WHAT YOU NEED TO DO → Take the entries below and reproduce exactly the portion that begins at the line containing "Outdoor Seville Destination" and ends at the line containing "Buy canvas prints", keeping both ends, dropping pictures, and adding nothing else.

GIVEN INFORMATION →
###
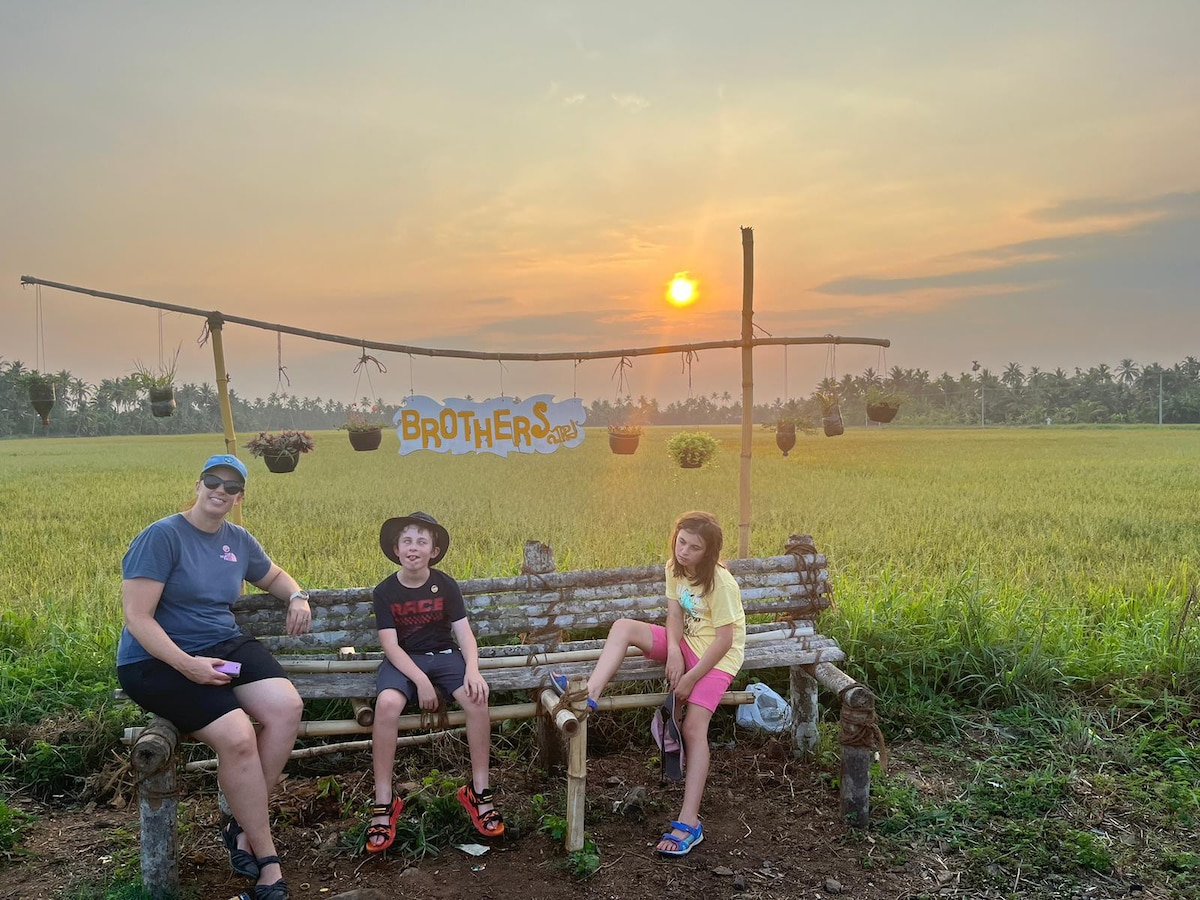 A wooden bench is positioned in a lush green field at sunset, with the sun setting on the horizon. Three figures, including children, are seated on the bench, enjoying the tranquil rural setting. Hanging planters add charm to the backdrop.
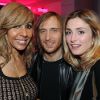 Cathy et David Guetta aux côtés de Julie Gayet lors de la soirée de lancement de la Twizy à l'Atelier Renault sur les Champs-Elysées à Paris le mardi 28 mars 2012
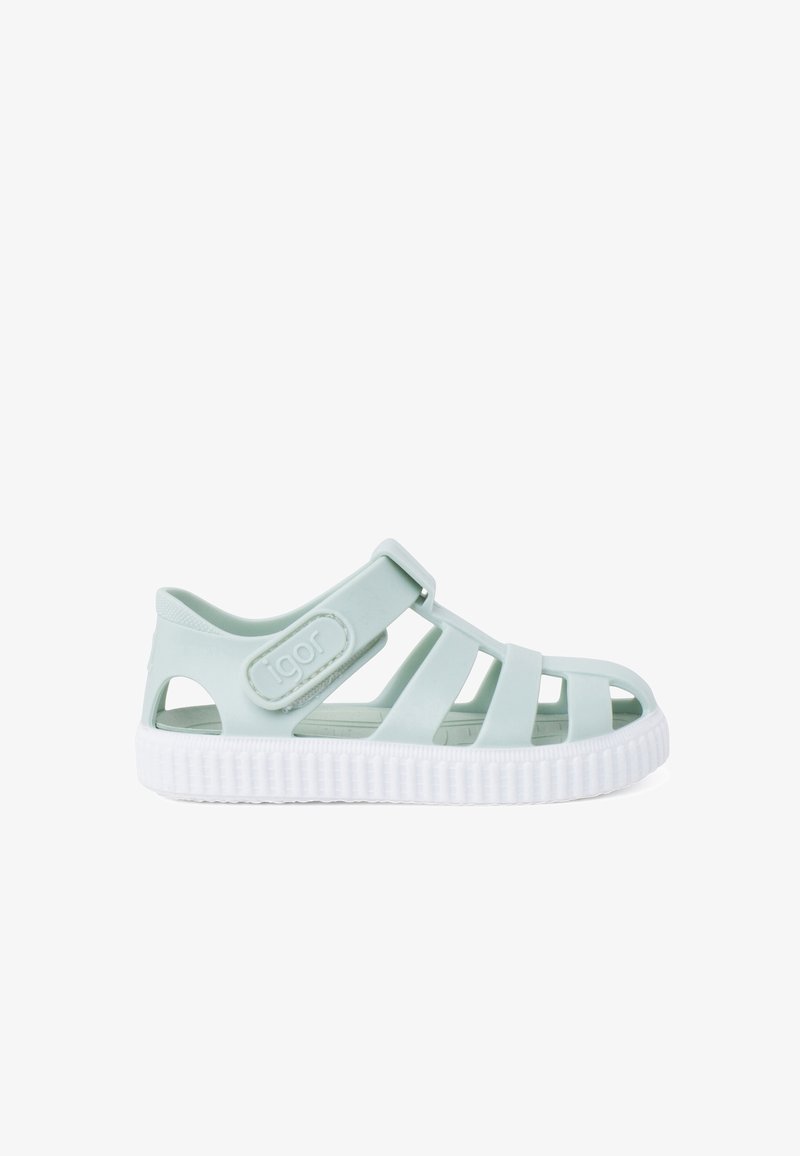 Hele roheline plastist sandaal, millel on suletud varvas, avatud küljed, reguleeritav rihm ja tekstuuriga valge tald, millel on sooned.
###
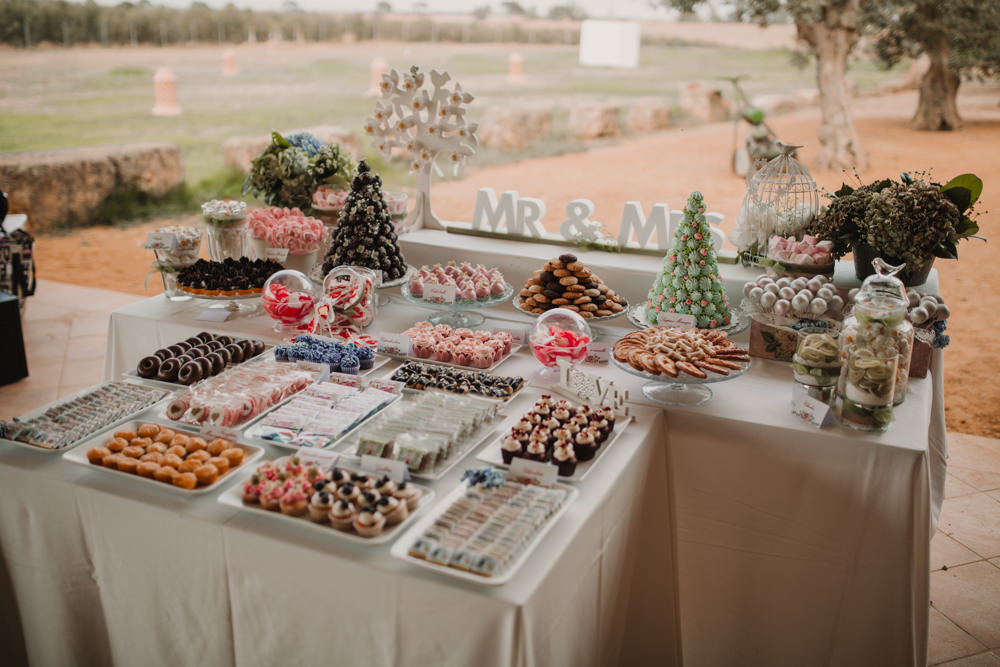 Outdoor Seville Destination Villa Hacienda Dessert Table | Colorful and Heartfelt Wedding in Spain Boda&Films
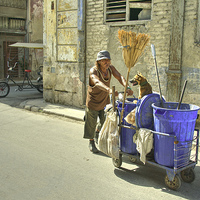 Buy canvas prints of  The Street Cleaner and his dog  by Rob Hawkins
###
SOLUTION TO THIS PROBLEM →
 Outdoor Seville Destination Villa Hacienda Dessert Table | Colorful and Heartfelt Wedding in Spain Boda&Films
 Buy canvas prints of  The Street Cleaner and his dog  by Rob Hawkins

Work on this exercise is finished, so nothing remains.